Exercise brief: Copy exactly the lines of the material below that fall between the line with "Vintage 4 handgeschilderde" and the line with "Santa Claus llega", both of those lines included; pictures stay out.

Listed records:
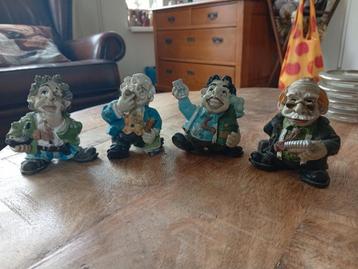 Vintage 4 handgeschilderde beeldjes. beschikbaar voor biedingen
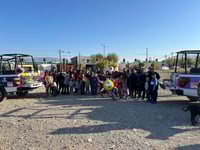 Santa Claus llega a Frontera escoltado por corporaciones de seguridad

* * *

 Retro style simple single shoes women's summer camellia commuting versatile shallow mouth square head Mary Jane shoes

...

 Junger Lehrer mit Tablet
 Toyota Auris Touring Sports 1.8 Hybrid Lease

Result for this task:
 Vintage 4 handgeschilderde beeldjes. beschikbaar voor biedingen
 Santa Claus llega a Frontera escoltado por corporaciones de seguridad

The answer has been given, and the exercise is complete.